## Work to be completed:
Make an exact copy of the entries below, with all images left out.

## Supplied records:
════════════════

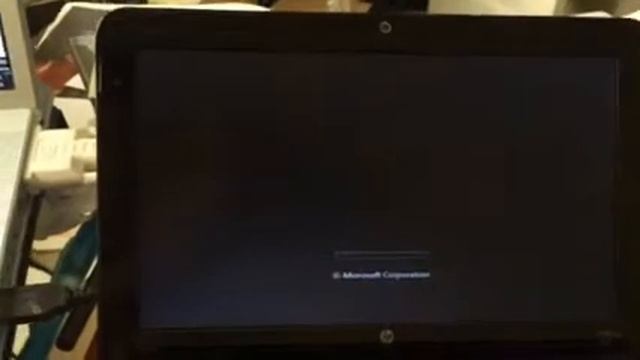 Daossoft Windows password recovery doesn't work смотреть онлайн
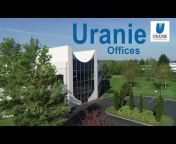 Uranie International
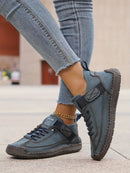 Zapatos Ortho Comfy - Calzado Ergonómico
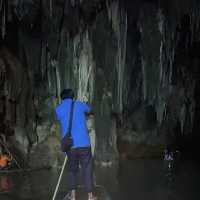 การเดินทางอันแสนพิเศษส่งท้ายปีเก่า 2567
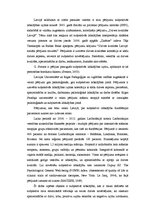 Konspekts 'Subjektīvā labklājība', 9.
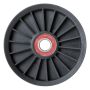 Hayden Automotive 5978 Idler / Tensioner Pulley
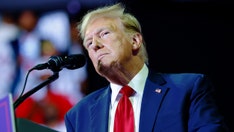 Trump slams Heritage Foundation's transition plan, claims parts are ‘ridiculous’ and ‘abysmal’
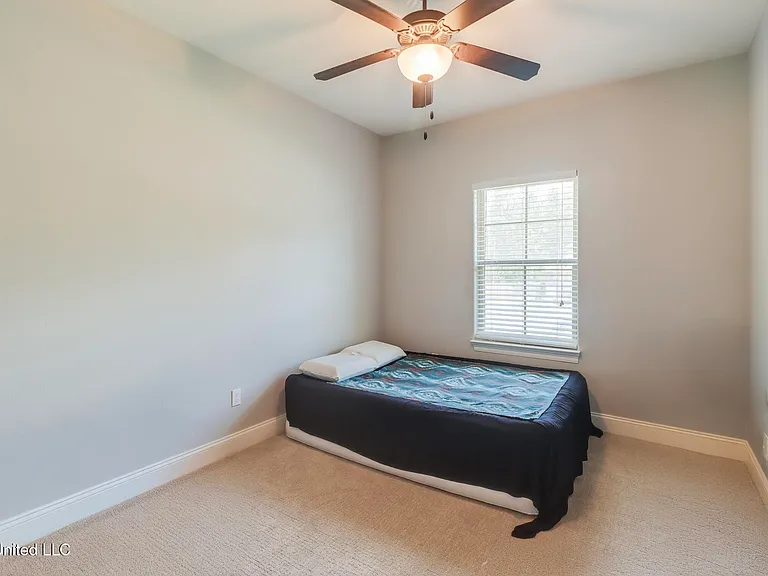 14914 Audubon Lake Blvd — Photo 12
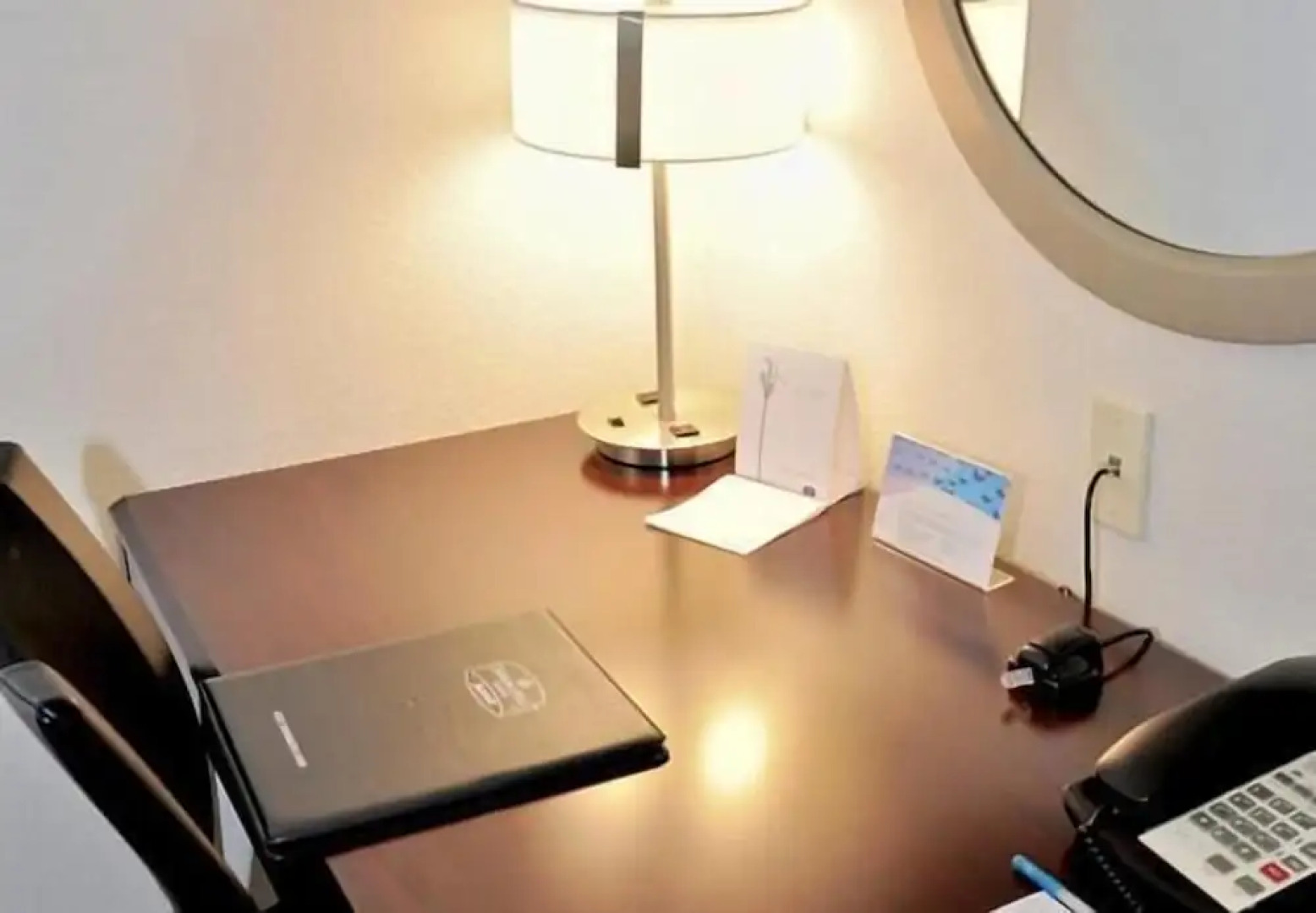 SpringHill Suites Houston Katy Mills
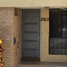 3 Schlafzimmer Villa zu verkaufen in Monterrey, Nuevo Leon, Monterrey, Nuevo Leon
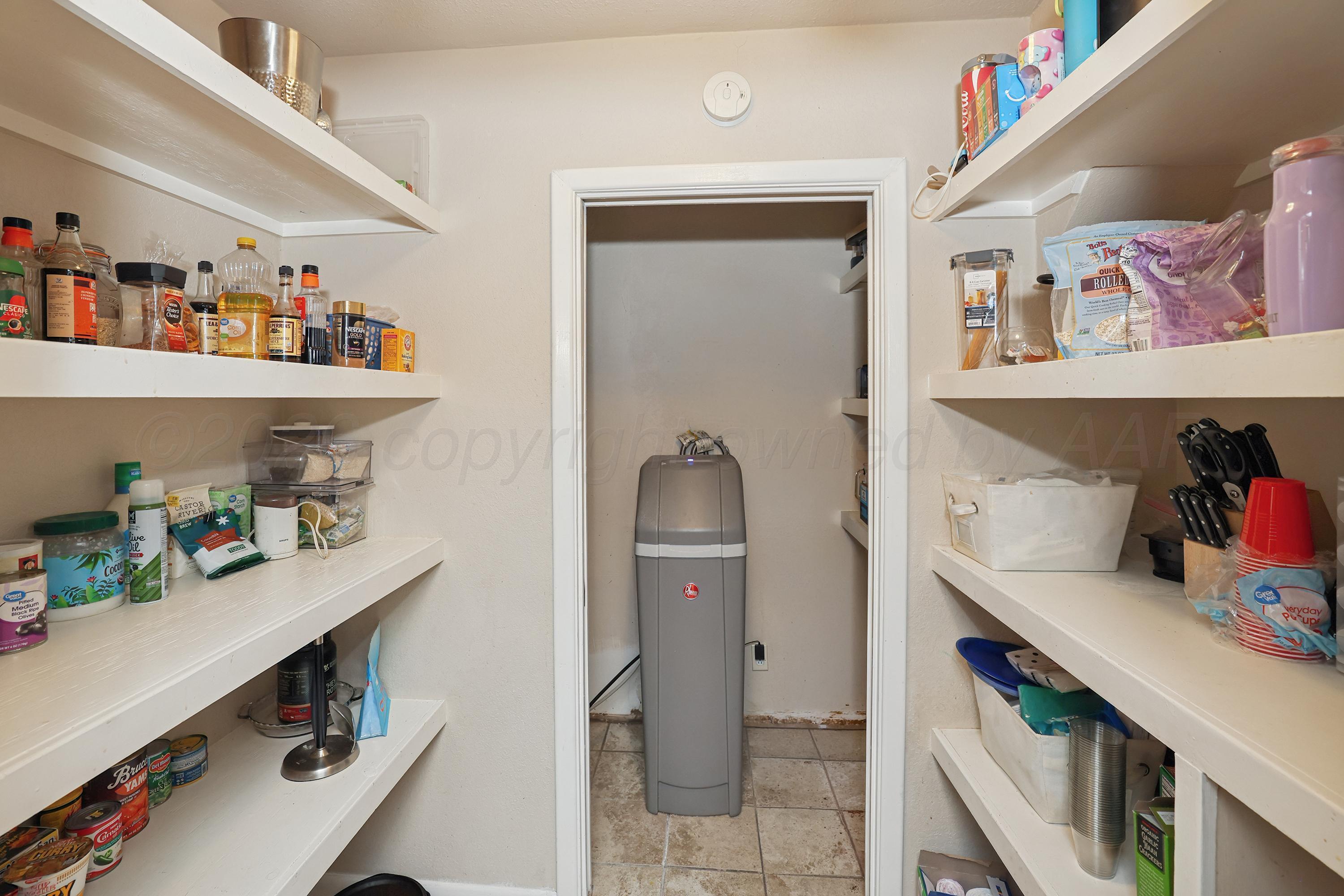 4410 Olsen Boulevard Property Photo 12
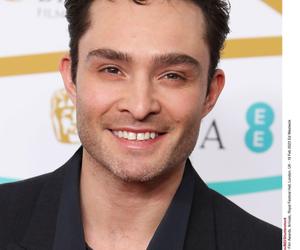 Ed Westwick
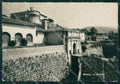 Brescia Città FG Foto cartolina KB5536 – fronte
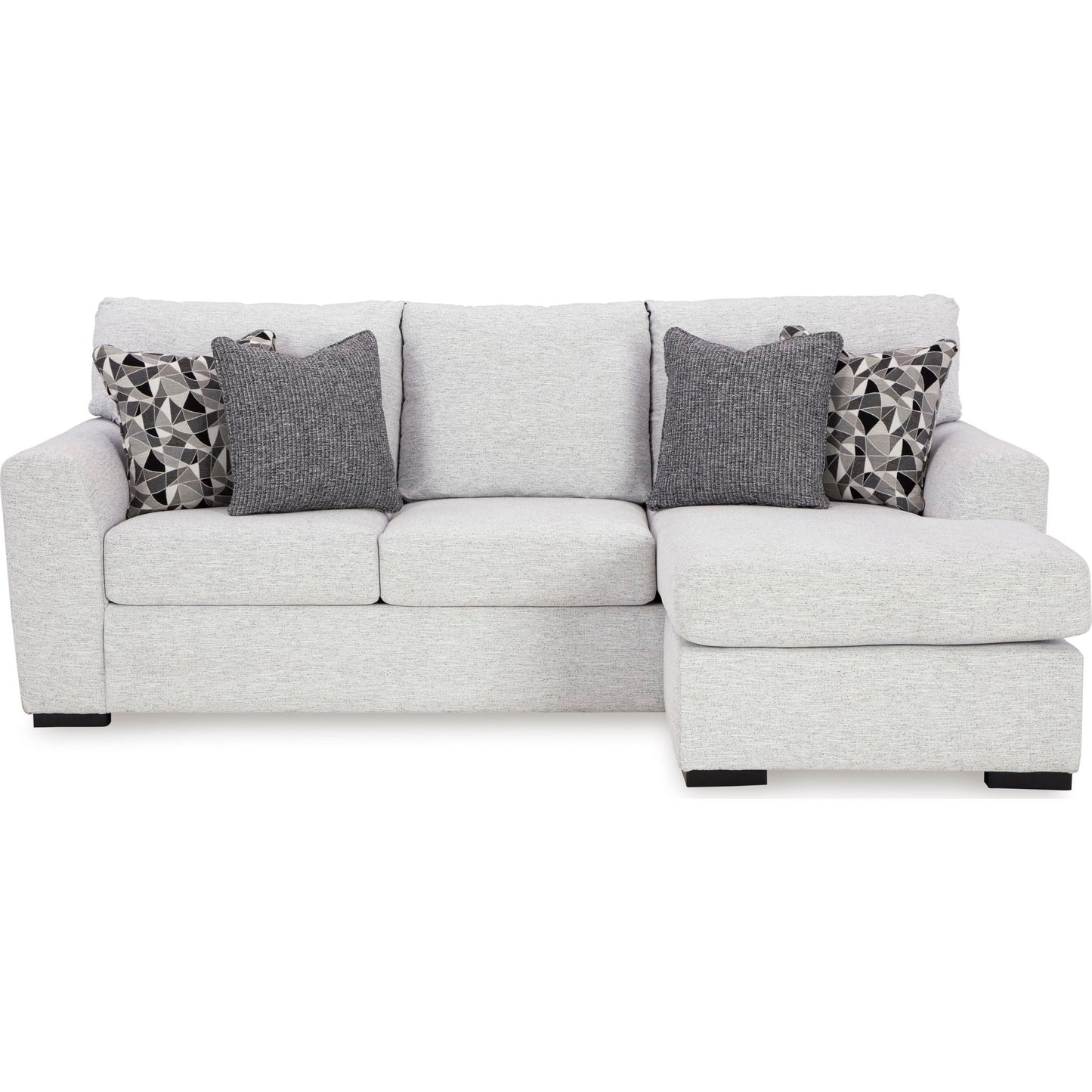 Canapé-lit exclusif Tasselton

════════════════

## Your solution:
 Daossoft Windows password recovery doesn't work смотреть онлайн
 Uranie International
 Zapatos Ortho Comfy - Calzado Ergonómico
 การเดินทางอันแสนพิเศษส่งท้ายปีเก่า 2567
 Konspekts 'Subjektīvā labklājība', 9.
 Hayden Automotive 5978 Idler / Tensioner Pulley
 Trump slams Heritage Foundation's transition plan, claims parts are ‘ridiculous’ and ‘abysmal’
 14914 Audubon Lake Blvd — Photo 12
 SpringHill Suites Houston Katy Mills
 3 Schlafzimmer Villa zu verkaufen in Monterrey, Nuevo Leon, Monterrey, Nuevo Leon
 4410 Olsen Boulevard Property Photo 12
 Ed Westwick
 Brescia Città FG Foto cartolina KB5536 – fronte
 Canapé-lit exclusif Tasselton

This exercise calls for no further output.